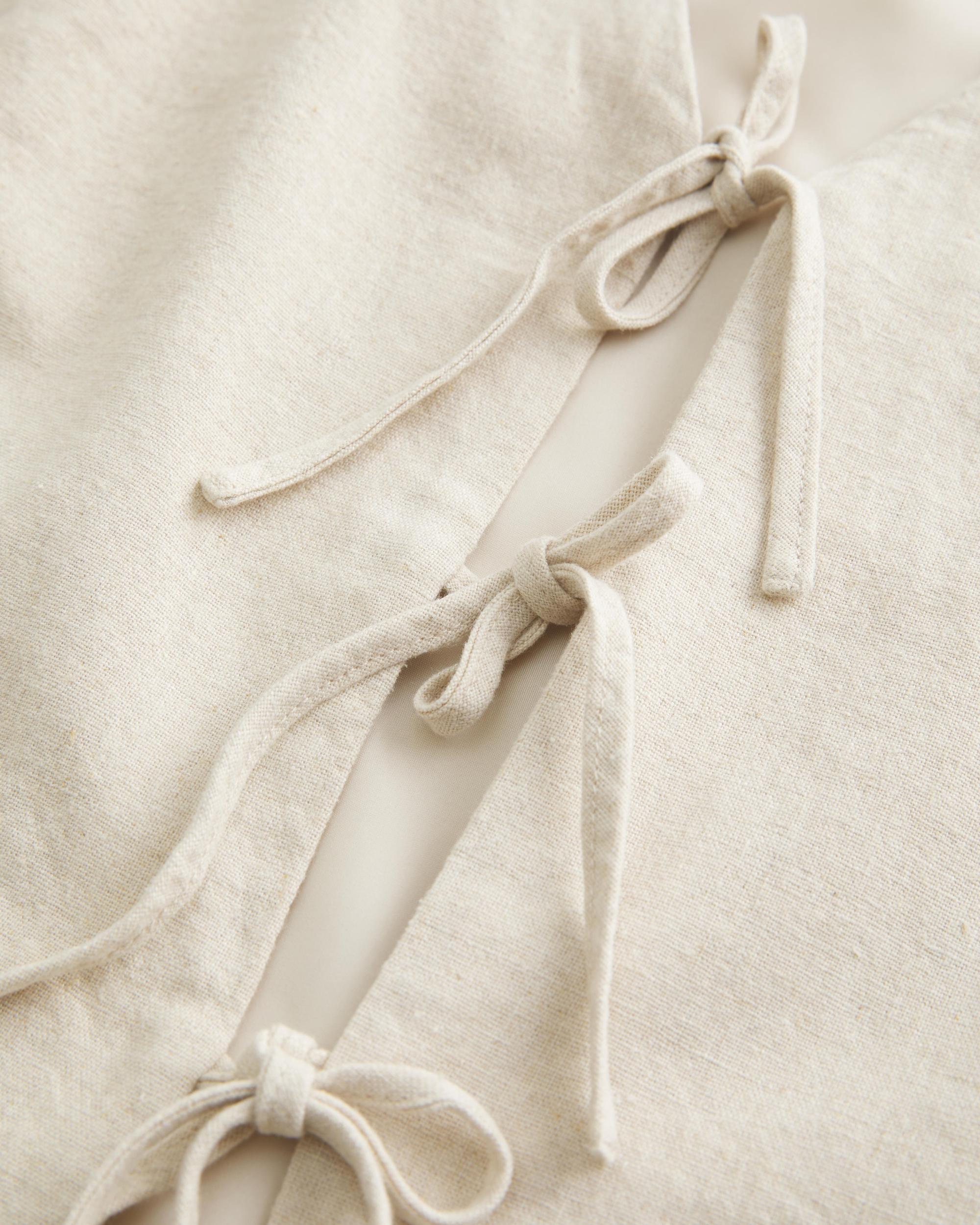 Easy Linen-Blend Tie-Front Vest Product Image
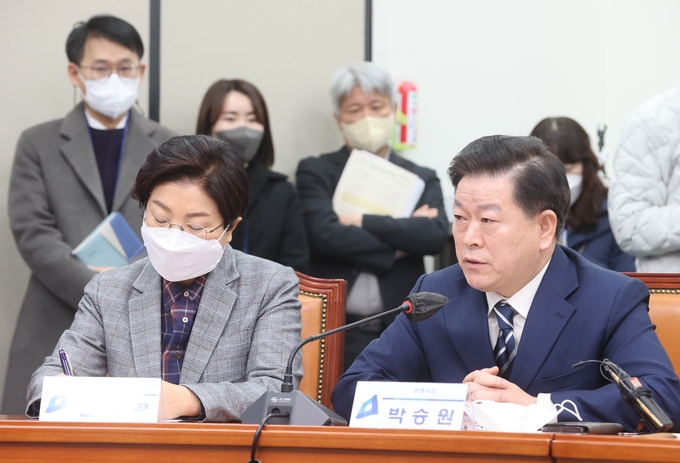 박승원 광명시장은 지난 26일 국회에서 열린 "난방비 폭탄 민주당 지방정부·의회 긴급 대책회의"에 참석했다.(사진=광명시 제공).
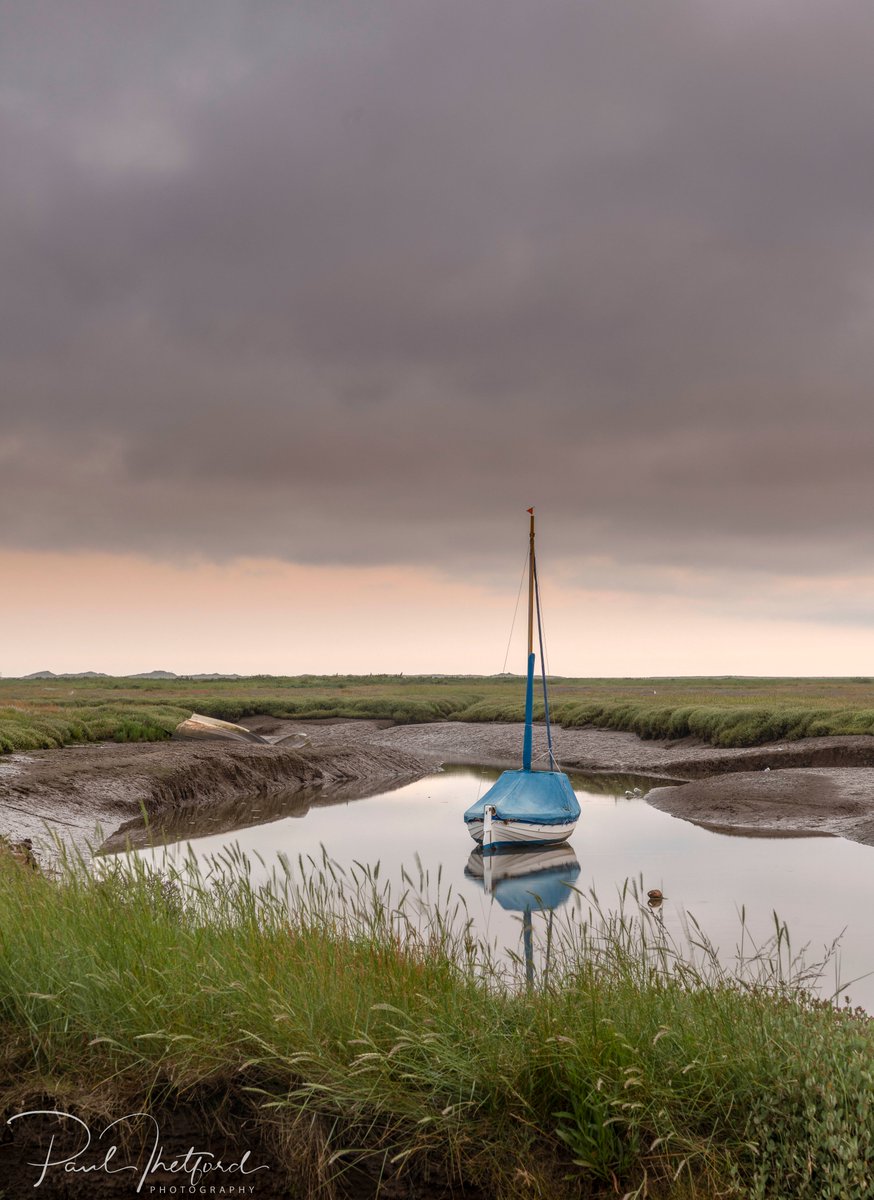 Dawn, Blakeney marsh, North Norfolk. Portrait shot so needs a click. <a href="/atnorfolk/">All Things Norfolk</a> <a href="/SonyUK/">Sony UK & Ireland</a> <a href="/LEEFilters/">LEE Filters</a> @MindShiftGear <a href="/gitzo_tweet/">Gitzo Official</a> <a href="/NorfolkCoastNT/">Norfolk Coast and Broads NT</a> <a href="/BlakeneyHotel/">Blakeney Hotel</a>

------------------------------------------------

Work to complete »
For your answer, write out the data exactly and drop every picture.

Result for this exercise »
 Easy Linen-Blend Tie-Front Vest Product Image
 박승원 광명시장은 지난 26일 국회에서 열린 "난방비 폭탄 민주당 지방정부·의회 긴급 대책회의"에 참석했다.(사진=광명시 제공).
 Dawn, Blakeney marsh, North Norfolk. Portrait shot so needs a click. <a href="/atnorfolk/">All Things Norfolk</a> <a href="/SonyUK/">Sony UK & Ireland</a> <a href="/LEEFilters/">LEE Filters</a> @MindShiftGear <a href="/gitzo_tweet/">Gitzo Official</a> <a href="/NorfolkCoastNT/">Norfolk Coast and Broads NT</a> <a href="/BlakeneyHotel/">Blakeney Hotel</a>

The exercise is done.